Tenebrous Kate said...

I... I can't believe how much I love this write-up. I'm downright cross-eyed from laughter. While I feel bad that you watched what is *clearly* a terrible movie, and that it probably did irreparable damage to your psyche, I've got to say that what you've given the world a generous gift of laughter. You're kind of like a bad-movie-blogging Jesus, Vicar.

I need to know--is THE BEAST ever called a Skunk Ape in the film? I desperately hope the answer is "NO." Because if the answer is "YES," that and the presence of a Juggalo Thespian (dear Juggalos, never change--you are glorious) are making me lean towards seeing this movie (drunk and fast-forwardly, as you've advised--I have no such similar Messiah thang going on).

THANK YOU for brightening my day immeasurably. Amazing stuff, my man.

said...

fantastic review for a movie I don't think I have the nerve to see. And that Sasquatch on bimbo action scene will haunt me and my Tumblr feed for years to come.

Jose Cruz said...

This brought a stupid grin to my face many, many times. You should be given a medal for making an atrocious-looking film like this sound so enticing and fun to watch! You are truly talented, Mr. Vicar!

The Vicar of VHS said...

@Tenebrous Kate--Thanks so much for the kind words! I guess I can go ahead and purchase my "BIGGER THAN JESUS" t-shirt now, with your kind endorsement! ;)

As to your question, I don't think the OWA Beast is ever referred to as a "skunk ape," but I'm pretty sure the term is mentioned at least once. To watch or not--I leave it up to your conscience and booze budget.

@Al Bruno III--I try to provide only the best for my friends and parishioners!

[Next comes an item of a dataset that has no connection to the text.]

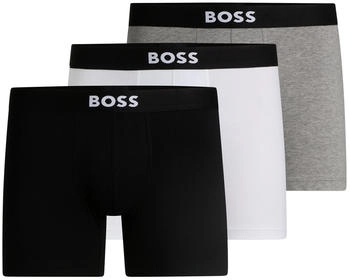 Hugo Boss Dreier-Pack eng anliegende Boxershorts aus Stretch-Baumwolle mit Logos - Style BoxerBr 3P ONE 50544272 Wei&szlig; / Grau / Schwarz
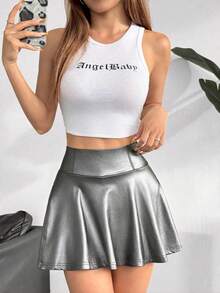 SHEIN EZwear 女士时尚街头风金属PU迷你裙，内置短裤，银色短裤，银色裙子，女士金属色服装，女士短裙，银色短裙 - 灰色 - 查看 5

If I have to wade through a bunch of awfulness to come up with one image of an undersized Bigfoot rogering a hapless Tweetie-girl, then by god that's what I'll do!

@Joe Monster--I would wear such a medal with pride! In fact, I'd wear nothing else! Thanks for stopping by and saying nice things. You make the world better by so doing.

Samuel Wilson said...

Vicar, "gazoonie" looked like carny lingo when I first saw it, and Urban Dictionary confirms my hunch. I suspect the root word is "goon" and that the term applies just as well to the crew that produced this film as to the characters in it. Those Beast scenes reminded me of nothing so much as Surrender Cinema movies, but in those the effects are part of the joke.

I'm glad someone took the dare implicit in Mr. Adams's book. You're a braver soul than I am.

The Vicar of VHS said...

@Samuel--Educational and informative as always! Thanks for that--whatever disappointment I may have that Friedman *didn't* come up with the term himself, it is considerably allayed by the implied probability that the man himself has a carny history! According to his imdb biography he ran some "hygiene film" road shows early in his career--perhaps that's the carny connection?

Thanks again for pointing me toward Adams' book--I think I'll be getting a few more viewing suggestions from there for coming reviews!

Anonymous said...

Alas, I don't think I have the stamina for this one -- w/ or w/o the fortification of alcohol. But thank you for your intrepid review, sir.
Is it just me, or does the creature in the cover artwork look like John Astin of "The Addams Family"? Was this a marketing ploy?